Building a Life Dashboard with Calendar Heatmaps
GitHub tracks your code contributions. I built a dashboard that tracks everything — commits, tasks, wellness — in one heatmap.
Table of Contents
Why Should You Care?
GitHub has contribution heatmaps. What if your entire life had one?
Not just code commits — everything. The morning yoga you did or skipped. The three critical tasks you shipped before lunch. The fourteen-day streak you maintained across projects. All of it reduced to a single color on a grid cell, and all of those cells assembled into a month where you can see, instantly, which weeks you were firing and which ones you coasted.

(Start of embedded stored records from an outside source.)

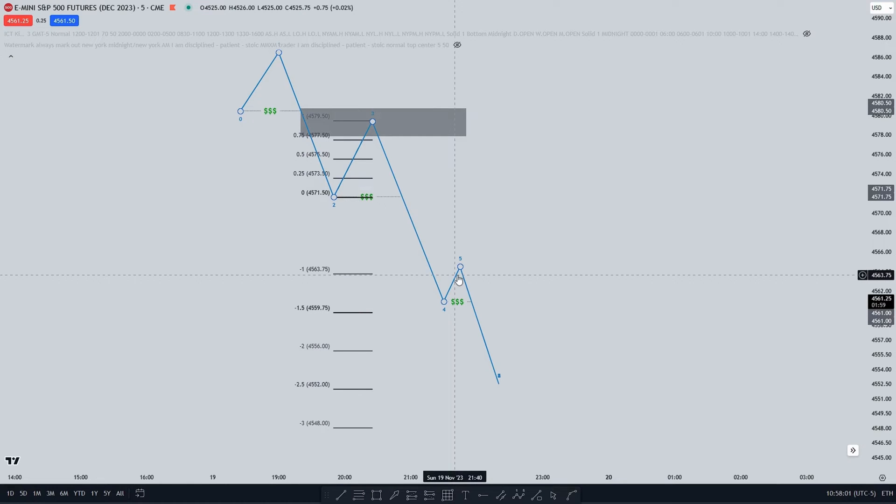In this video, I'm going to show you how you can use standard deviations to anticipate where price should be going.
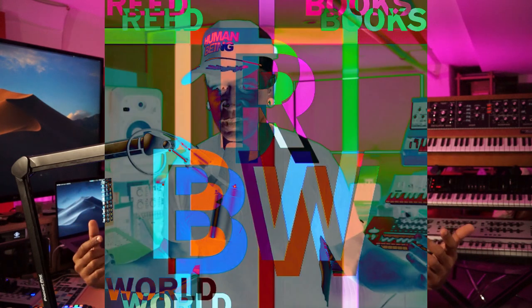Hey everybody, I'm Neil Evans, aka Read Books, and this is Read Books World.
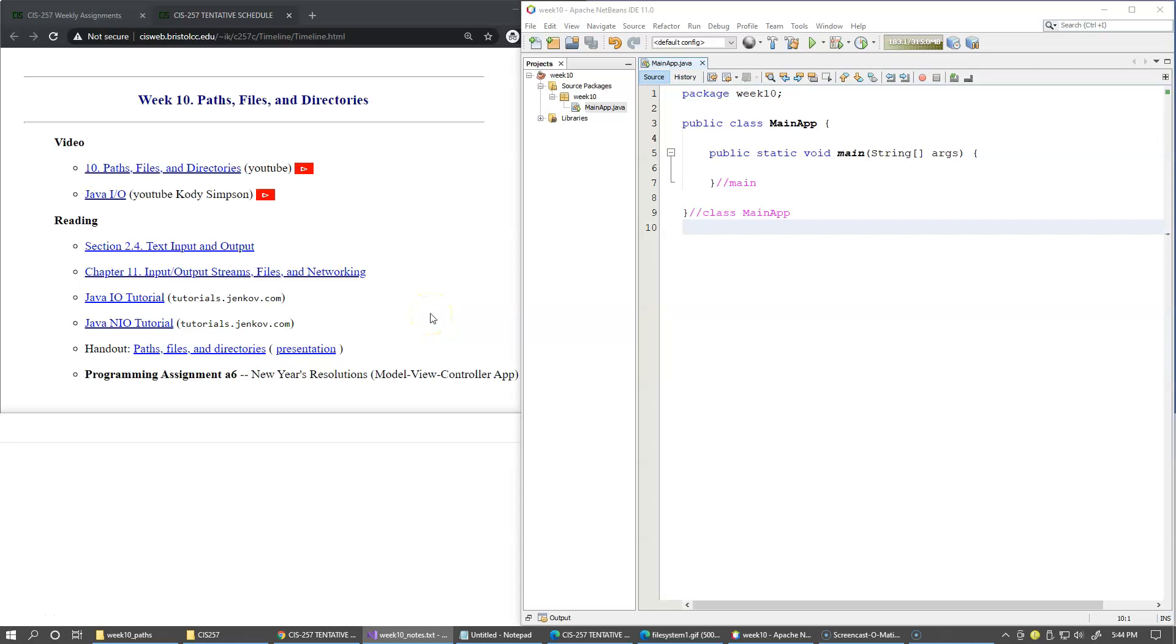In this video we're going to talk about directories and files. I have already created an empty project to experiment with various ideas related to our discussion and this is our presentation.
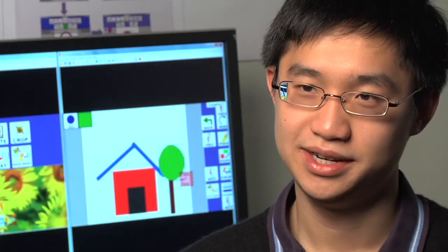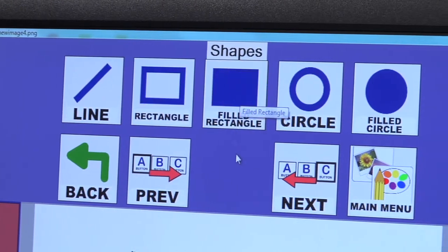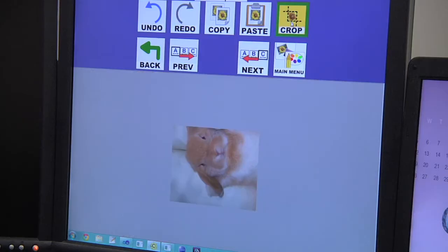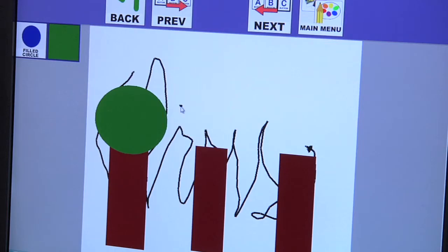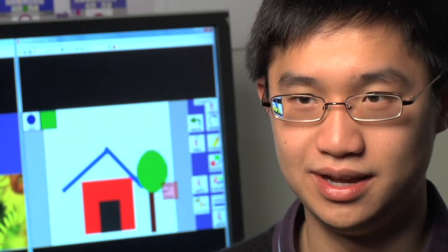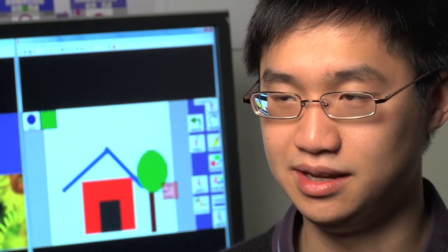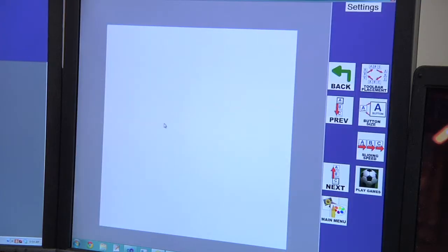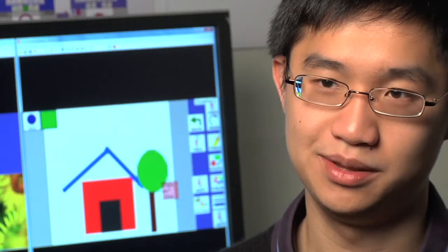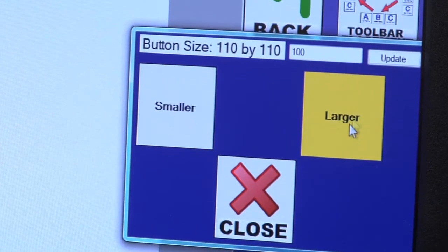My main project is Camera Canvas, designed to be used with the Camera Mouse to edit photos and make drawings. If they have better control in a horizontal axis versus a vertical axis, they can place the buttons horizontally. And they can also grow and shrink the buttons so they have bigger targets to click on.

I built this. It lives inside a Preact dashboard backed by SQLite, and it changed how I understand my own patterns. This post walks through the concept, the scoring model, the data pipeline, and the Preact component that renders it. By the end, you will have everything you need to build your own composite day score heatmap.
The Composite Day Score
GitHub’s contribution graph answers one question: “Did I push code today?” That is useful but narrow. My daily productivity depends on a lot more than commits. I have wellness habits I am trying to build. I have project milestones that span weeks. I have events and meetings that take real time even though they do not produce a commit hash.
The composite day score collapses all of those signals into a single number between 0 and 1. The number maps to a color. The color fills a grid cell. Thirty-one cells make a month. Scroll back three months and you are looking at the shape of your quarter.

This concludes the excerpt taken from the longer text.